[Provided material]
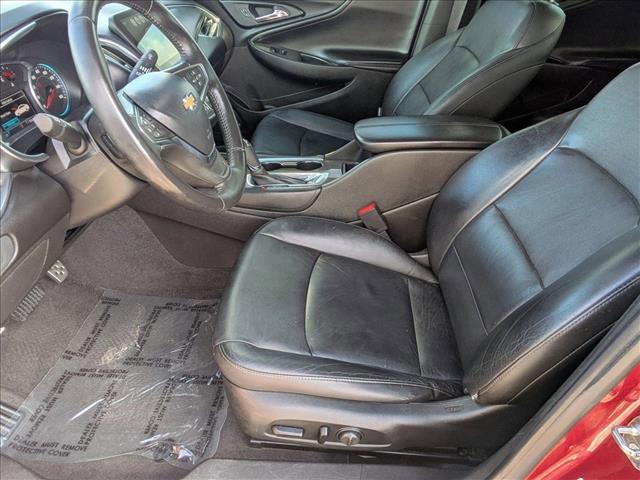 Photo of 2017 Cajun Red Tintcoat Chevrolet Malibu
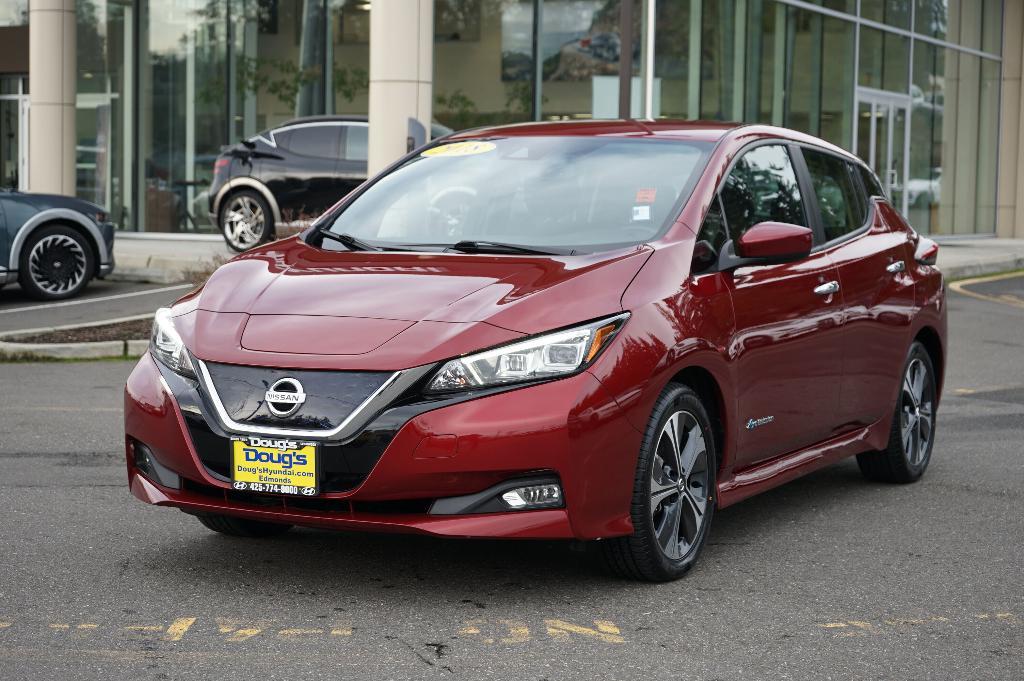 used 2018 Nissan Leaf car, priced at $12,000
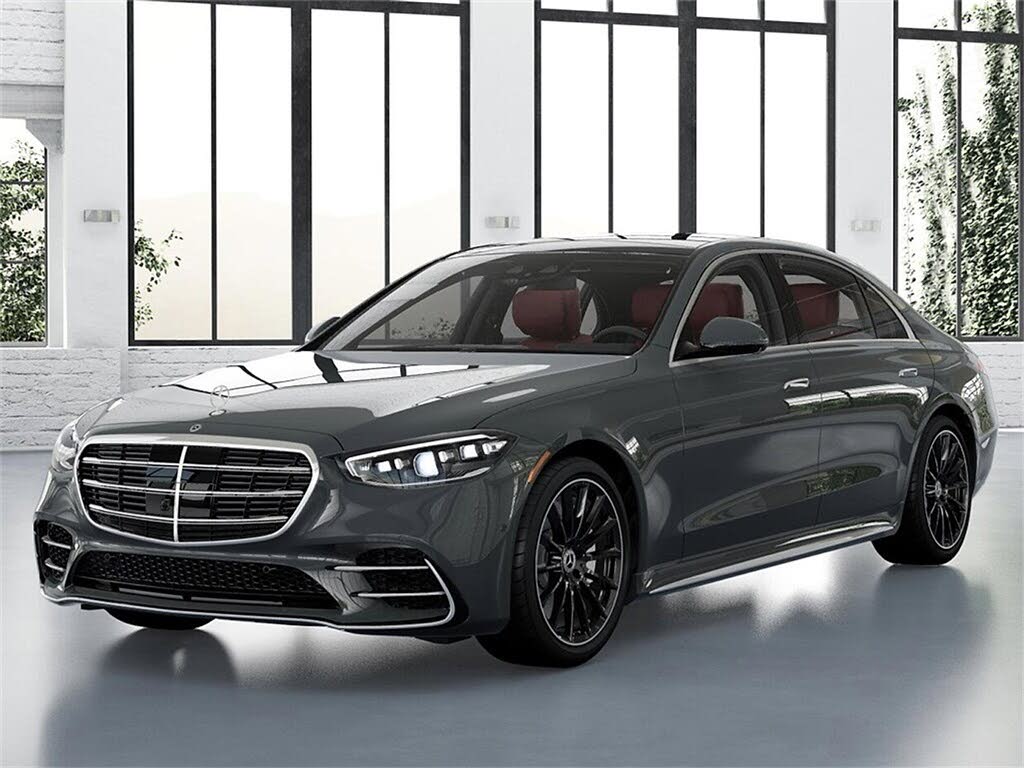2026 Mercedes-Benz S-Class S 580 4MATIC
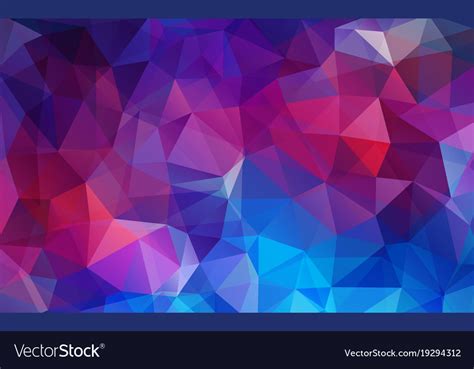 Free Download Flat Violet Color Geometric Triangle Wallpaper Vector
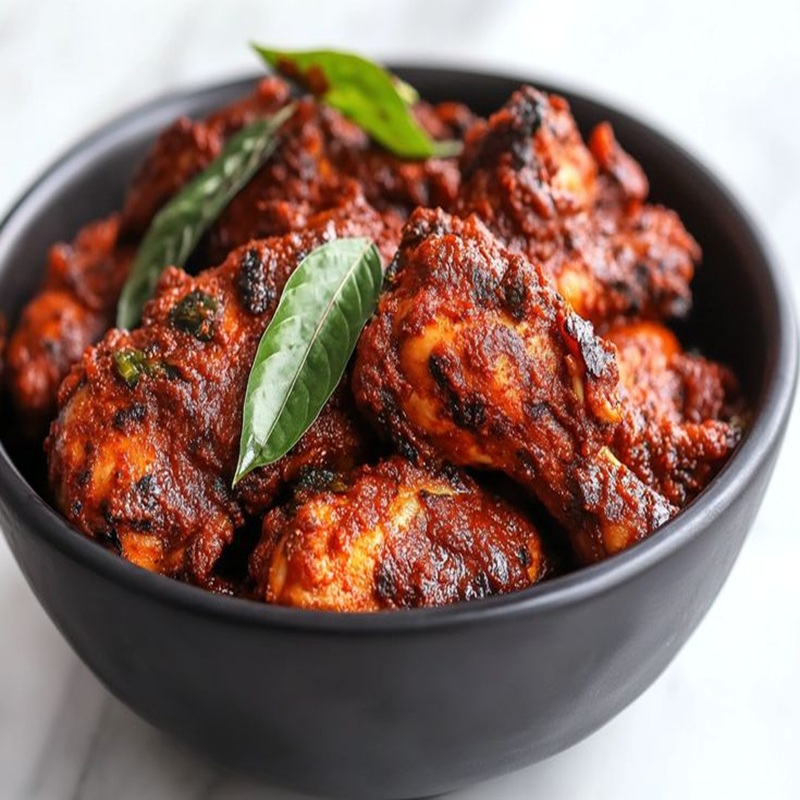 Chicken Ghee Roast (Boneless)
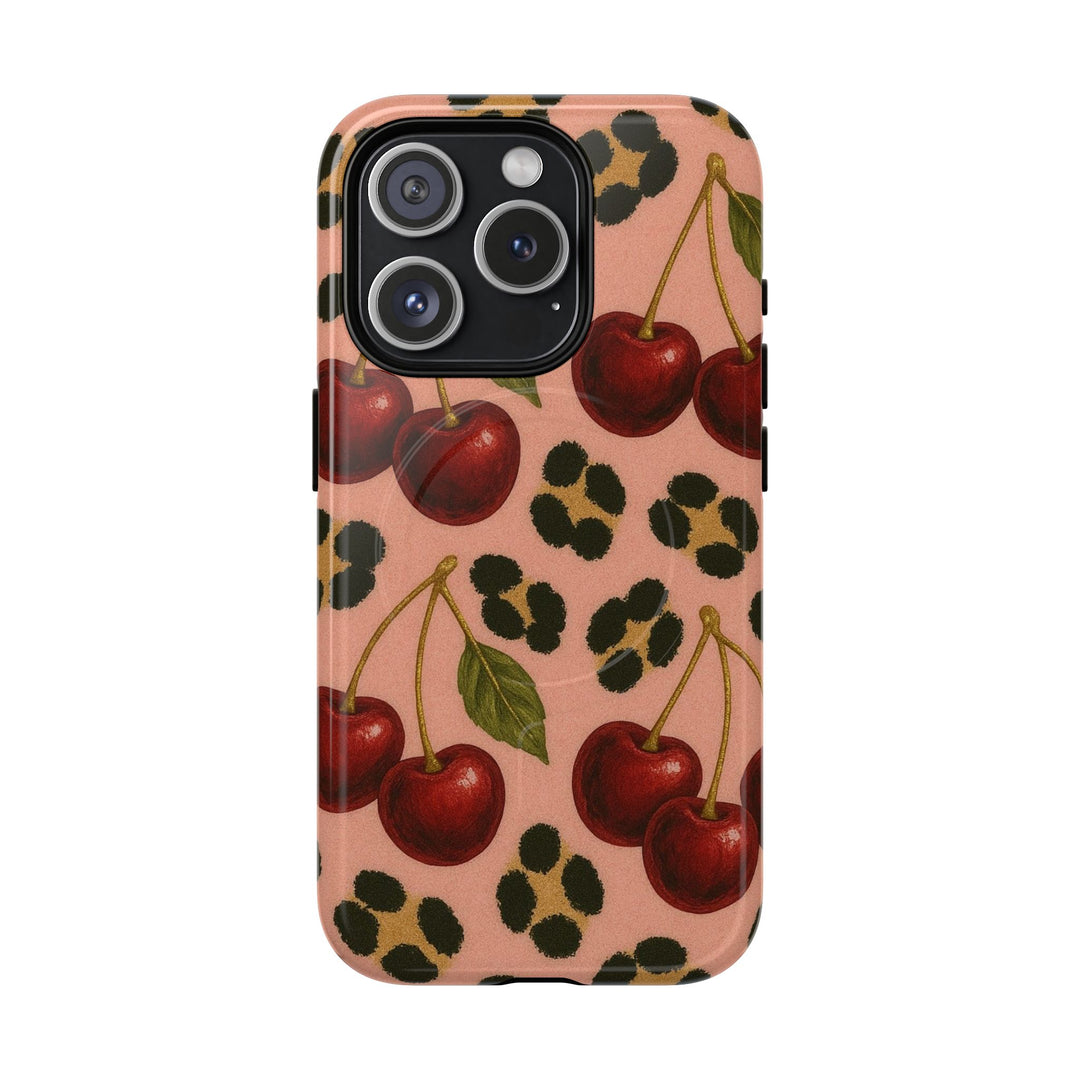 Cherry Tough Magnetic Cases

[Your objective] What you produce should repeat the data word for word while omitting all images.

[Written solution]
 Photo of 2017 Cajun Red Tintcoat Chevrolet Malibu
 used 2018 Nissan Leaf car, priced at $12,000
2026 Mercedes-Benz S-Class S 580 4MATIC
 Free Download Flat Violet Color Geometric Triangle Wallpaper Vector
 Chicken Ghee Roast (Boneless)
 Cherry Tough Magnetic Cases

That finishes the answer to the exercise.